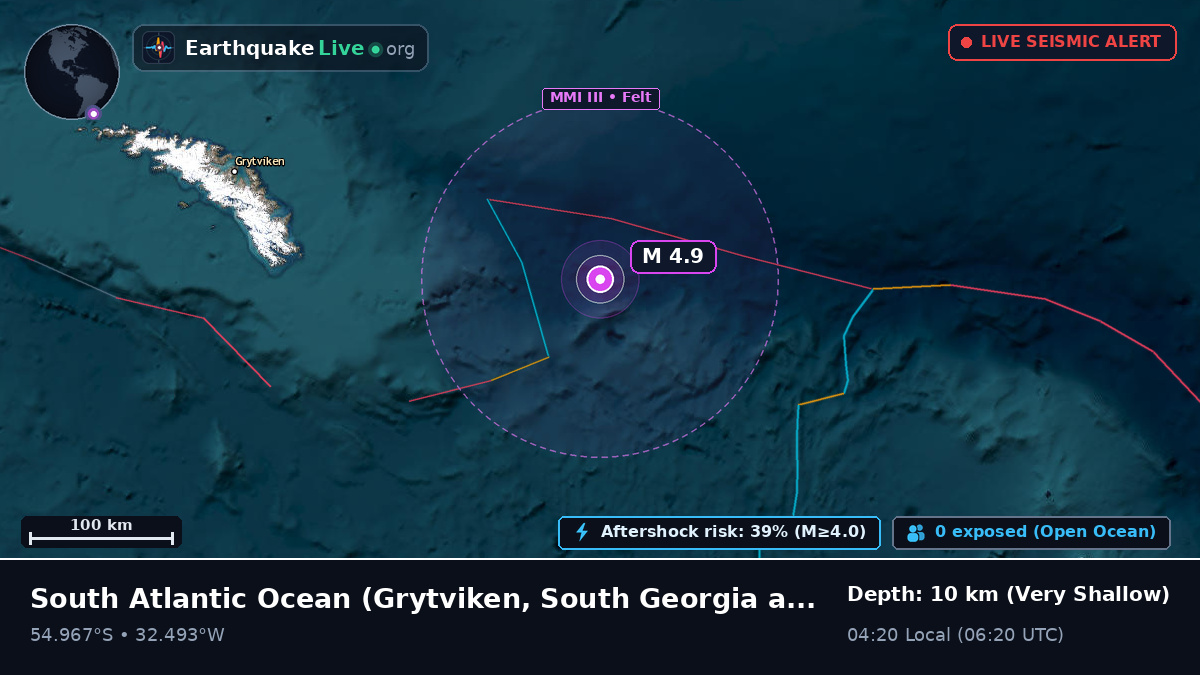 South Atlantic Ocean (South Georgia and the Islands)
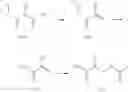Fig. 77 - Dual-acting antihypertensive agents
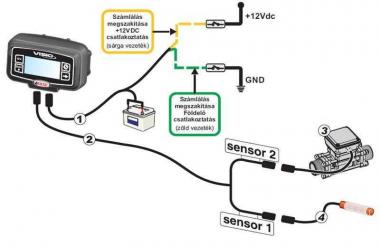 VISIO nyomás és átfolyás monitor komplett rendszer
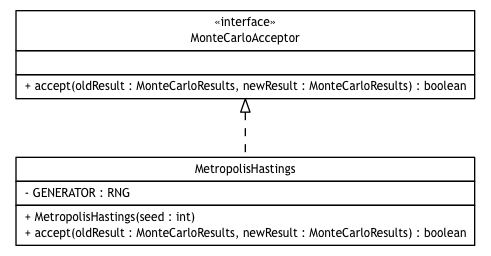 Package class diagram package broadwick.montecarlo.acceptor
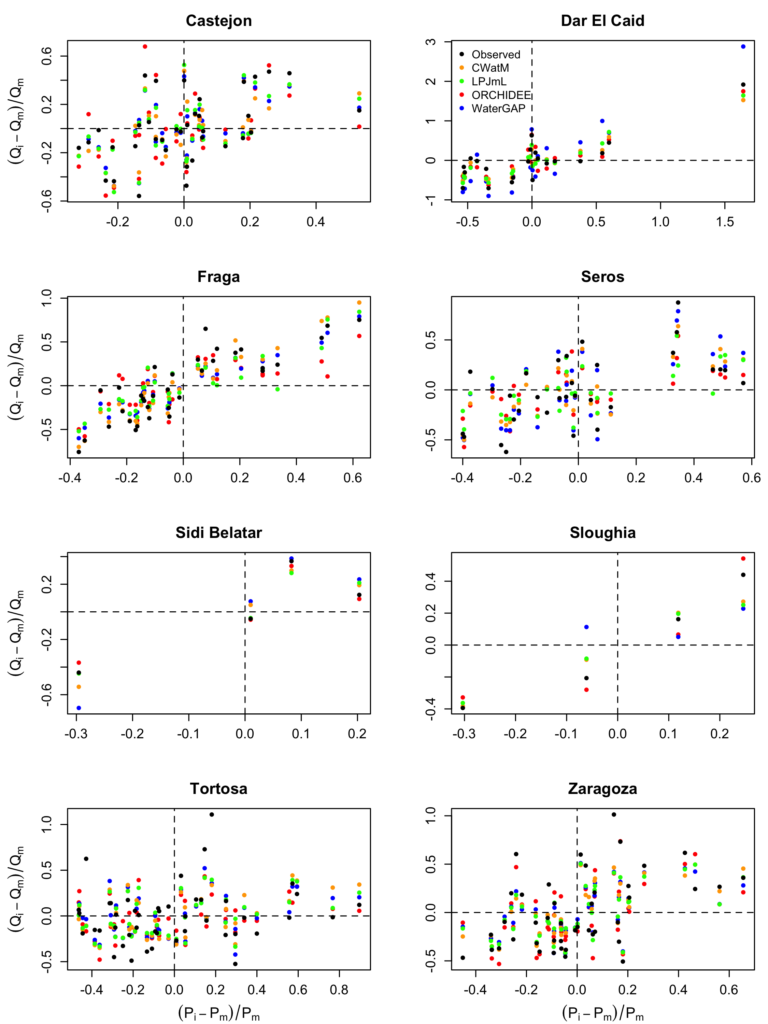 Figure 4: Comparison between observed and modelled sensitivity of annual streamflow to precipitation variability for eight gauging stations. Observations were collected from the online data portal of the Global Runoff Data Centre (GRDC), 56068 Koblenz, Germany. Model estimates were computed by CWatM, LPJmL, ORCHIDEE and WaterGAP2.2d. Qm and Pm are the mean annual streamflow and mean annual precipitation, respectively. Qi and Pi are the annual streamflow and annual precipitation at time i, respectively.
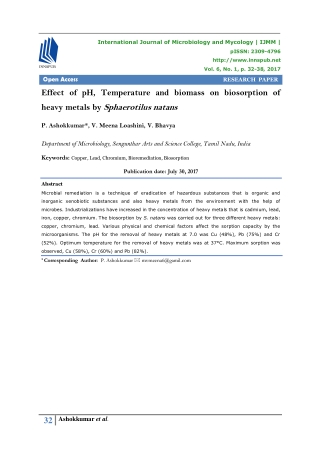 Effect of pH, Temperature and biomass on biosorption of heavy metals by Sphaerot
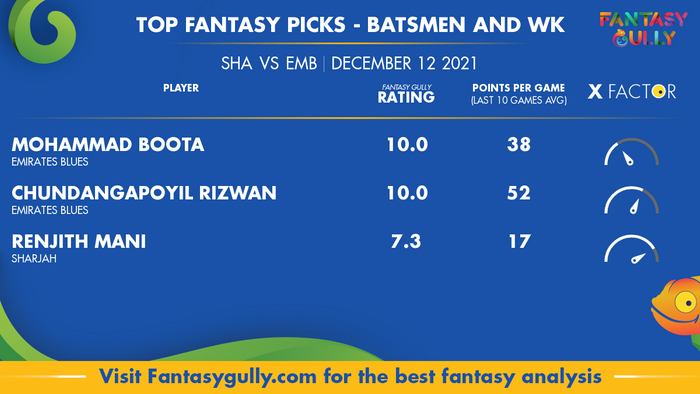 Top Fantasy Predictions for SHA vs EMB: बल्लेबाज और विकेटकीपर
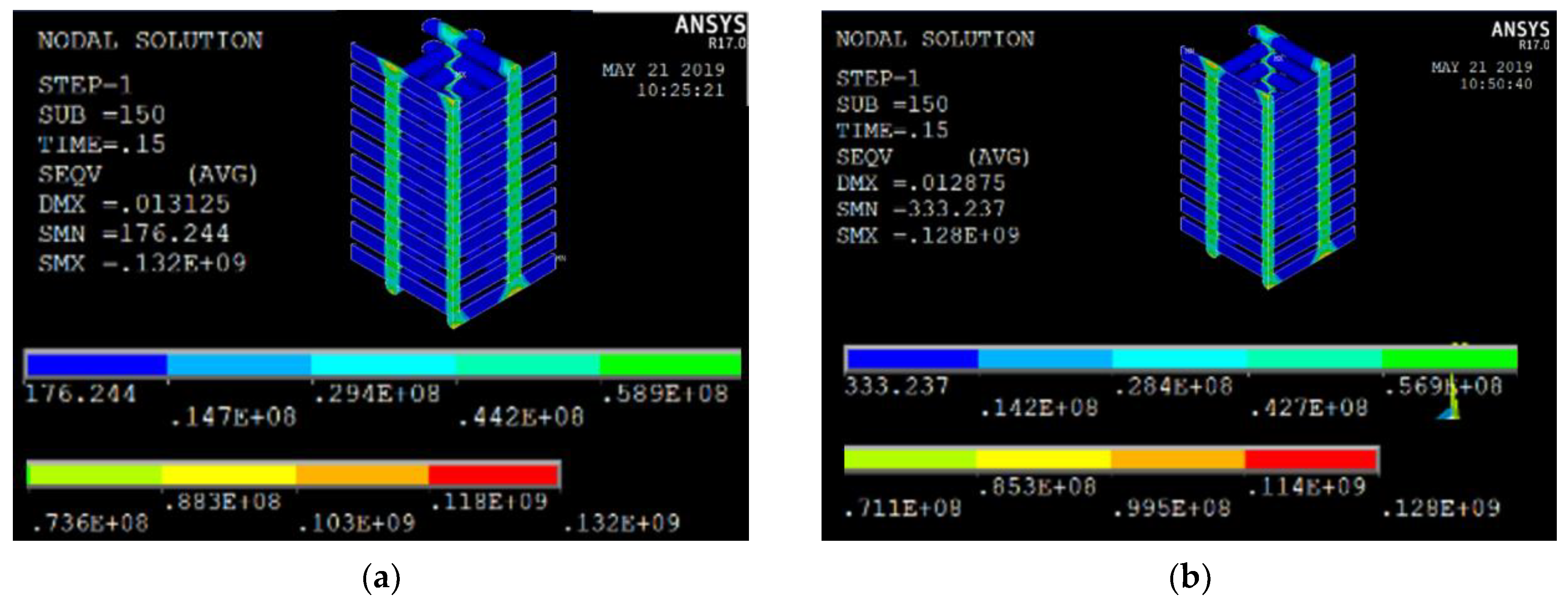 Mathematics 09 01746 g021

----

• Task instructions: Strip the images and reproduce the remaining records precisely.

• Written solution:
 South Atlantic Ocean (South Georgia and the Islands)
Fig. 77 - Dual-acting antihypertensive agents
 VISIO nyomás és átfolyás monitor komplett rendszer
 Package class diagram package broadwick.montecarlo.acceptor
 Figure 4: Comparison between observed and modelled sensitivity of annual streamflow to precipitation variability for eight gauging stations. Observations were collected from the online data portal of the Global Runoff Data Centre (GRDC), 56068 Koblenz, Germany. Model estimates were computed by CWatM, LPJmL, ORCHIDEE and WaterGAP2.2d. Qm and Pm are the mean annual streamflow and mean annual precipitation, respectively. Qi and Pi are the annual streamflow and annual precipitation at time i, respectively.
 Effect of pH, Temperature and biomass on biosorption of heavy metals by Sphaerot
 Top Fantasy Predictions for SHA vs EMB: बल्लेबाज और विकेटकीपर
 Mathematics 09 01746 g021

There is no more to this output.